HFO-1234ze(E) has an ultra-low global warming potential (AR6 value, 1.37) and has been developed as a propellant for use in pressurised metered-dose inhalers (pMDIs). To quantify the contribution of TFA formed from prospective HFO-1234ze(E)-based pMDIs, a global atmospheric model coupled with detailed watershed modelling has been applied by Tewari et al. [1]. The atmospheric model incorporates the master chemical mechanism for HFO-1234ze(E) and assumes pMDIs as its sole emission source. Based on global pMDI volume-sales data for a single year (2022), the authors estimated HFO-1234ze(E) emissions at 4736 tonnes/year.  The state-of-the-art study coupled global chemical transport modelling with TFA surface fate and transport modelling to estimate surface water, sediment, and surface soil concentrations of TFA over a period of 30 years due to continued, global sales of prospective pMDIs using only HFO-1234ze(E) as the medical propellant.

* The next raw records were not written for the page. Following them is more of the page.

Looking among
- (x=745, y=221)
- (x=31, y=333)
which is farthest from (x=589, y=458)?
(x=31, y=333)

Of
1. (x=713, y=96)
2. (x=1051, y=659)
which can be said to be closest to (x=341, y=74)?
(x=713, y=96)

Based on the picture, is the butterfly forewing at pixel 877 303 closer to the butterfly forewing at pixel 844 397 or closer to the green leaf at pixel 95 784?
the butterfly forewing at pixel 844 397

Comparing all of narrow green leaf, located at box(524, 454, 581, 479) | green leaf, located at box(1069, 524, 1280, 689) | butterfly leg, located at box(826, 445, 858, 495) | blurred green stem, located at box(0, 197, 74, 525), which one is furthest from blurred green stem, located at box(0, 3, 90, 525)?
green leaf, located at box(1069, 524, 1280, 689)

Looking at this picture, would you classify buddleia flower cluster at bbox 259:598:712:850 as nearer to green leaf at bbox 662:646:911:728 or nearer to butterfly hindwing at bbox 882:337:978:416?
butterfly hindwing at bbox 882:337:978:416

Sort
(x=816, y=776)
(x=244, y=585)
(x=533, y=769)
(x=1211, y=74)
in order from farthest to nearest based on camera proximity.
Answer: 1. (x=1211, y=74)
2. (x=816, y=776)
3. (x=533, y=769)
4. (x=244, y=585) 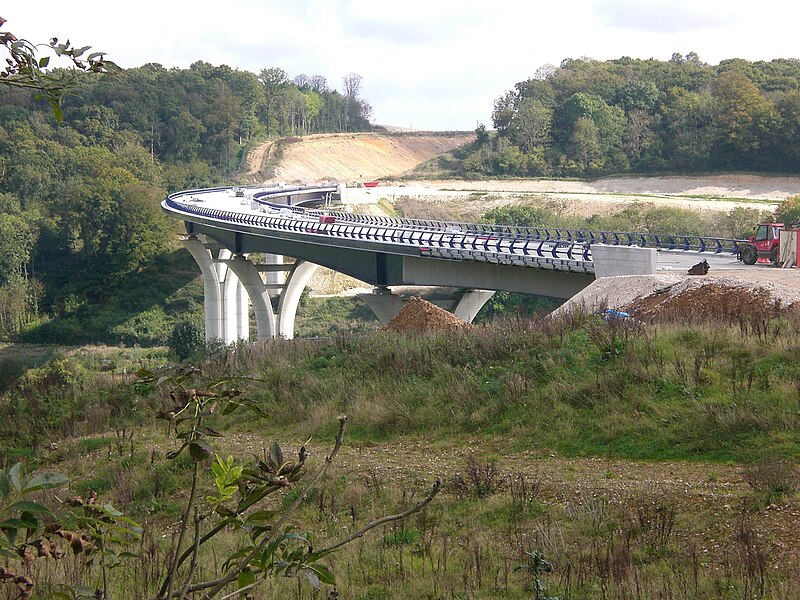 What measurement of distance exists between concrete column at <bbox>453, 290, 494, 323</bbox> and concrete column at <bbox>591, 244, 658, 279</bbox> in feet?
39.7

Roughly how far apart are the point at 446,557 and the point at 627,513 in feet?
7.94

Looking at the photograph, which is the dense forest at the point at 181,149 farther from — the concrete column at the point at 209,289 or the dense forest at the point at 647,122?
the concrete column at the point at 209,289

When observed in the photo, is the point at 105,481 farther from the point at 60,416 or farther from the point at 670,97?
the point at 670,97

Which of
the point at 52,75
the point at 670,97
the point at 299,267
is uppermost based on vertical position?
the point at 670,97

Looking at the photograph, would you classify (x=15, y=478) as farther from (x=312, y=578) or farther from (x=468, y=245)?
(x=468, y=245)

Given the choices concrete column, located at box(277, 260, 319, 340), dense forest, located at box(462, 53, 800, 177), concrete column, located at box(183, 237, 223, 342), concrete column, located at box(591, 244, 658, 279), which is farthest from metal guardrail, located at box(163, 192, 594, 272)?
dense forest, located at box(462, 53, 800, 177)

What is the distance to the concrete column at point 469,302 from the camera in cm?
4859

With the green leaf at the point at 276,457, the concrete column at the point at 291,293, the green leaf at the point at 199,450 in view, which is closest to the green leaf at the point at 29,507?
the green leaf at the point at 199,450

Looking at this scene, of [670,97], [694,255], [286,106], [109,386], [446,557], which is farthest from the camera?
[286,106]

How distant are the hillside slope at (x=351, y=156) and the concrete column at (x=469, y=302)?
87.9 meters

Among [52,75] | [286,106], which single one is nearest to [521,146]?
[286,106]

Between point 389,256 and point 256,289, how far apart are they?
23.0 meters

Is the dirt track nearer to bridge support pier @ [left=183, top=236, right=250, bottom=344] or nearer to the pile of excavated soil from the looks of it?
bridge support pier @ [left=183, top=236, right=250, bottom=344]

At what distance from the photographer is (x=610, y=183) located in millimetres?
122312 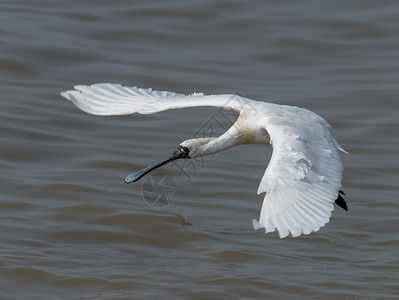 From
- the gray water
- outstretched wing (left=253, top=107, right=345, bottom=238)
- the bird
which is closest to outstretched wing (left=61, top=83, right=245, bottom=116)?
the bird

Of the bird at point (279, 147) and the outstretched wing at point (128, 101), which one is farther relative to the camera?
the outstretched wing at point (128, 101)

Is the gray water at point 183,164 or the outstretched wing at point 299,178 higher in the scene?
the outstretched wing at point 299,178

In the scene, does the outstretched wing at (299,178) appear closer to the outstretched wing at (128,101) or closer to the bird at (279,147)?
the bird at (279,147)

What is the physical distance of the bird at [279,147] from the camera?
6289mm

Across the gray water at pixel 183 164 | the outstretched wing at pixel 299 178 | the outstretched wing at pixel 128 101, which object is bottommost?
the gray water at pixel 183 164

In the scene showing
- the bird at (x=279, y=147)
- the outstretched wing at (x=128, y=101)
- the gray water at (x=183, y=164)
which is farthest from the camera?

The authors chose the Hudson River (USA), Rhine River (Germany), and Cauvery River (India) as three representative watersheds, also known as drainage basins or catchment areas and applied a fate-and-transport model to estimate TFA concentrations in surface water, soil, and sediments over 30 years.

Atmospheric and watershed modelling predicts that future use of pMDIs may lead to TFA concentrations between 0.8 and 19.3 ng/L in surface waters, 2.3 and 8.8 ng/ kg in surface soils, and 0.2 and 4.8 ng/kg in surface sediments across the three studied watersheds. The authors explain that these modelled concentrations are more than 100 times below the Netherlands’ most recent drinking water guideline of 2200 ng/L, derived based on precautionary potency factors for PFAS. When placed in ecological context, the maximum TFA level estimated in surface water is over 6000 times below the frequently cited no observed-effect concentration (NOEC) of 120,000 ng/L for sensitive freshwater algae, indicating negligible risk to aquatic biota. For soils, predicted TFA loadings from pMDI emissions remain at least 90 000 times lower than the REACH long-term NOEC of 830,000 ng/kg for plant health.

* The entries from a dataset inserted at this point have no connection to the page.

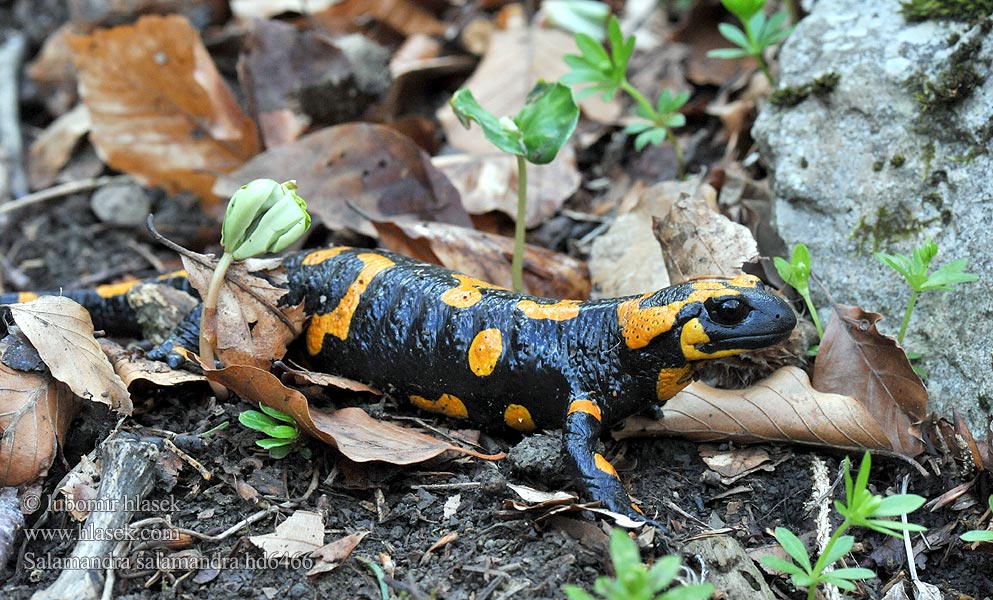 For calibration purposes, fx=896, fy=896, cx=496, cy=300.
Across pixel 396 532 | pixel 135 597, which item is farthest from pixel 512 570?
pixel 135 597

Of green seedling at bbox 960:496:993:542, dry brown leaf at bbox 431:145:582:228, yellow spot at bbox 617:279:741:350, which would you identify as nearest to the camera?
green seedling at bbox 960:496:993:542

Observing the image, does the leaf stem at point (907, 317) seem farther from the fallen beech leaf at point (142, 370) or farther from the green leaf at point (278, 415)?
Answer: the fallen beech leaf at point (142, 370)

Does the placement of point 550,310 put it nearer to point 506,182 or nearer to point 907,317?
point 907,317

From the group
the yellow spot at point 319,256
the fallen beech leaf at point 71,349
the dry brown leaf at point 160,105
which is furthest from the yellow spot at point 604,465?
the dry brown leaf at point 160,105

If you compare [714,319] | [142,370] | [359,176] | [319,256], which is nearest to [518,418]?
[714,319]

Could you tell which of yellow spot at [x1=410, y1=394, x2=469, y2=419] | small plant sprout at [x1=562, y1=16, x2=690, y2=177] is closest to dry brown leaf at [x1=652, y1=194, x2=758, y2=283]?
small plant sprout at [x1=562, y1=16, x2=690, y2=177]

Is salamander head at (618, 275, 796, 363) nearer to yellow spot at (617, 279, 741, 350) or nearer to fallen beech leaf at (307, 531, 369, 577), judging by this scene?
yellow spot at (617, 279, 741, 350) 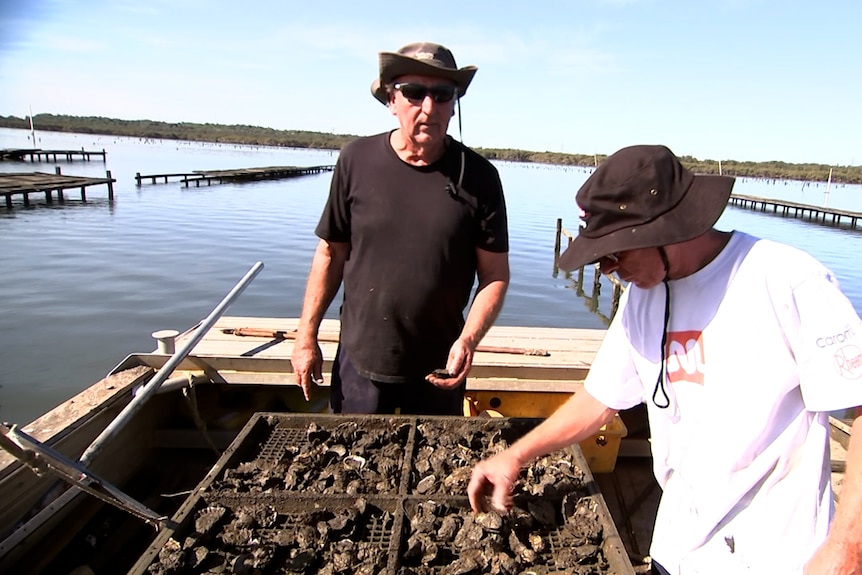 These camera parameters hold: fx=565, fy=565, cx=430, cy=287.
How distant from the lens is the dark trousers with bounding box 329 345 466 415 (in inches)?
114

The authors conclude that taken together, their findings indicate that even if HFO-1234ze(E) were to become the sole medical propellant in future pMDIs of all manufacturers, its continual atmospheric release would be expected to lead to only very low additional quantities of TFA in surface waters and soils in the assessed basins at levels orders of magnitude below available human health or ecological risk thresholds. The maximum TFA concentrations projected here are lower than all currently relevant drinking water, aquatic, and agro-environmental benchmarks considered for these regions. The authors note that their conclusion that model-predicted TFA levels do not pose a threat to human health, or the environment is based on currently known safety thresholds and pMDI-use emissions inventories (magnitude and spatiotemporal pattern). The authors state that annual global TFA deposition due to future pMDI usage represents less than 0.5% of current annual global emissions of TFA.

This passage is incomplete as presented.